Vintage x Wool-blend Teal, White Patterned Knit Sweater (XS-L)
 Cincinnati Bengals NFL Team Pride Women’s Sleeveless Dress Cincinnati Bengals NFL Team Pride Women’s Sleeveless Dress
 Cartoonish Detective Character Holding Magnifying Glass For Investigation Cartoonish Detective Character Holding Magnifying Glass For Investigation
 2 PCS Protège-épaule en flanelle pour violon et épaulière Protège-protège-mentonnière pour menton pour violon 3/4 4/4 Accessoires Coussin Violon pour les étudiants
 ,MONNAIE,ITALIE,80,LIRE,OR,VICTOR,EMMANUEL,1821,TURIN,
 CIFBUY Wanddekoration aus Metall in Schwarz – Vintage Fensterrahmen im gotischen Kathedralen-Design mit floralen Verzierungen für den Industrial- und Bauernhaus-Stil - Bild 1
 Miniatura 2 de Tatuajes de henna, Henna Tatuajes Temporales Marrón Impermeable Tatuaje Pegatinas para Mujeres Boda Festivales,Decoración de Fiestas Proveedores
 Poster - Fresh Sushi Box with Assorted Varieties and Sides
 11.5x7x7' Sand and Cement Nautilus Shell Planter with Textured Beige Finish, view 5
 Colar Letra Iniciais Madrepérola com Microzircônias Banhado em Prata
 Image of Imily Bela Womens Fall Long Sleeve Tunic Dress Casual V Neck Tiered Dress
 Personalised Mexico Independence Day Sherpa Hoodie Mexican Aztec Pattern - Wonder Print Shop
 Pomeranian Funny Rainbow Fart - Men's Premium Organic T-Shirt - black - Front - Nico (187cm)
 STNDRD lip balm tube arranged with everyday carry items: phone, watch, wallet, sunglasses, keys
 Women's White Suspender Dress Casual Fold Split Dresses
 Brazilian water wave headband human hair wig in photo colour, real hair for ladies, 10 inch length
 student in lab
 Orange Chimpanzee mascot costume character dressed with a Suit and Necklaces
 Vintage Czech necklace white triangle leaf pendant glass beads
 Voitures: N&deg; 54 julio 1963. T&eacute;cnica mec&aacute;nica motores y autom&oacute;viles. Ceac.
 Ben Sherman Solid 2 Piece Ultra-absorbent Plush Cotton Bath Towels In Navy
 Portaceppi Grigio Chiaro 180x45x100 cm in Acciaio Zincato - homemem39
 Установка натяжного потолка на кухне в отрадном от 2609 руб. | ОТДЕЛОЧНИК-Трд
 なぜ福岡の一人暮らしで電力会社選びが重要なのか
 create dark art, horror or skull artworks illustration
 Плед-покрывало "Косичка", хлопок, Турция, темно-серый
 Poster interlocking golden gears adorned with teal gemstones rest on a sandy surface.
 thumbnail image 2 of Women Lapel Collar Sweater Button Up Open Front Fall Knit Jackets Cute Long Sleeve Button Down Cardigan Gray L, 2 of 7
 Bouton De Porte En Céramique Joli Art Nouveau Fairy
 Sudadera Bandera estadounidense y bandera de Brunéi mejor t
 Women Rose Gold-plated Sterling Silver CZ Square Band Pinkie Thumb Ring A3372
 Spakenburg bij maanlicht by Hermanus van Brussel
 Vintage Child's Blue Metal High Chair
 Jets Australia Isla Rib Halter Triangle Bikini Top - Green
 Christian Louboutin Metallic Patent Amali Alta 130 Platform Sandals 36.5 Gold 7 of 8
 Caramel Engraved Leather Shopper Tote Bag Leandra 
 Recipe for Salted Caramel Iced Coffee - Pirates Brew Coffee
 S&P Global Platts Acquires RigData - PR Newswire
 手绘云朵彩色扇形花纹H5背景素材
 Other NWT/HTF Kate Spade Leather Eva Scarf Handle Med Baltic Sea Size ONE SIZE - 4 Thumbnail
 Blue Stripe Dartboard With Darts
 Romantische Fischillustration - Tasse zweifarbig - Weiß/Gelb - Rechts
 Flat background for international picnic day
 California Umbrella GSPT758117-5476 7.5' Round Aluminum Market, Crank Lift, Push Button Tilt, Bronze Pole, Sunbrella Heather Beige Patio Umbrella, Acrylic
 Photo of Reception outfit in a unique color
***
*Exercise*
Every entry above must be returned word for word.

*Exercise solution*
Vintage x Wool-blend Teal, White Patterned Knit Sweater (XS-L)
 Cincinnati Bengals NFL Team Pride Women’s Sleeveless Dress Cincinnati Bengals NFL Team Pride Women’s Sleeveless Dress
 Cartoonish Detective Character Holding Magnifying Glass For Investigation Cartoonish Detective Character Holding Magnifying Glass For Investigation
 2 PCS Protège-épaule en flanelle pour violon et épaulière Protège-protège-mentonnière pour menton pour violon 3/4 4/4 Accessoires Coussin Violon pour les étudiants
 ,MONNAIE,ITALIE,80,LIRE,OR,VICTOR,EMMANUEL,1821,TURIN,
 CIFBUY Wanddekoration aus Metall in Schwarz – Vintage Fensterrahmen im gotischen Kathedralen-Design mit floralen Verzierungen für den Industrial- und Bauernhaus-Stil - Bild 1
 Miniatura 2 de Tatuajes de henna, Henna Tatuajes Temporales Marrón Impermeable Tatuaje Pegatinas para Mujeres Boda Festivales,Decoración de Fiestas Proveedores
 Poster - Fresh Sushi Box with Assorted Varieties and Sides
 11.5x7x7' Sand and Cement Nautilus Shell Planter with Textured Beige Finish, view 5
 Colar Letra Iniciais Madrepérola com Microzircônias Banhado em Prata
 Image of Imily Bela Womens Fall Long Sleeve Tunic Dress Casual V Neck Tiered Dress
 Personalised Mexico Independence Day Sherpa Hoodie Mexican Aztec Pattern - Wonder Print Shop
 Pomeranian Funny Rainbow Fart - Men's Premium Organic T-Shirt - black - Front - Nico (187cm)
 STNDRD lip balm tube arranged with everyday carry items: phone, watch, wallet, sunglasses, keys
 Women's White Suspender Dress Casual Fold Split Dresses
 Brazilian water wave headband human hair wig in photo colour, real hair for ladies, 10 inch length
 student in lab
 Orange Chimpanzee mascot costume character dressed with a Suit and Necklaces
 Vintage Czech necklace white triangle leaf pendant glass beads
 Voitures: N&deg; 54 julio 1963. T&eacute;cnica mec&aacute;nica motores y autom&oacute;viles. Ceac.
 Ben Sherman Solid 2 Piece Ultra-absorbent Plush Cotton Bath Towels In Navy
 Portaceppi Grigio Chiaro 180x45x100 cm in Acciaio Zincato - homemem39
 Установка натяжного потолка на кухне в отрадном от 2609 руб. | ОТДЕЛОЧНИК-Трд
 なぜ福岡の一人暮らしで電力会社選びが重要なのか
 create dark art, horror or skull artworks illustration
 Плед-покрывало "Косичка", хлопок, Турция, темно-серый
 Poster interlocking golden gears adorned with teal gemstones rest on a sandy surface.
 thumbnail image 2 of Women Lapel Collar Sweater Button Up Open Front Fall Knit Jackets Cute Long Sleeve Button Down Cardigan Gray L, 2 of 7
 Bouton De Porte En Céramique Joli Art Nouveau Fairy
 Sudadera Bandera estadounidense y bandera de Brunéi mejor t
 Women Rose Gold-plated Sterling Silver CZ Square Band Pinkie Thumb Ring A3372
 Spakenburg bij maanlicht by Hermanus van Brussel
 Vintage Child's Blue Metal High Chair
 Jets Australia Isla Rib Halter Triangle Bikini Top - Green
 Christian Louboutin Metallic Patent Amali Alta 130 Platform Sandals 36.5 Gold 7 of 8
 Caramel Engraved Leather Shopper Tote Bag Leandra 
 Recipe for Salted Caramel Iced Coffee - Pirates Brew Coffee
 S&P Global Platts Acquires RigData - PR Newswire
 手绘云朵彩色扇形花纹H5背景素材
 Other NWT/HTF Kate Spade Leather Eva Scarf Handle Med Baltic Sea Size ONE SIZE - 4 Thumbnail
 Blue Stripe Dartboard With Darts
 Romantische Fischillustration - Tasse zweifarbig - Weiß/Gelb - Rechts
 Flat background for international picnic day
 California Umbrella GSPT758117-5476 7.5' Round Aluminum Market, Crank Lift, Push Button Tilt, Bronze Pole, Sunbrella Heather Beige Patio Umbrella, Acrylic
 Photo of Reception outfit in a unique color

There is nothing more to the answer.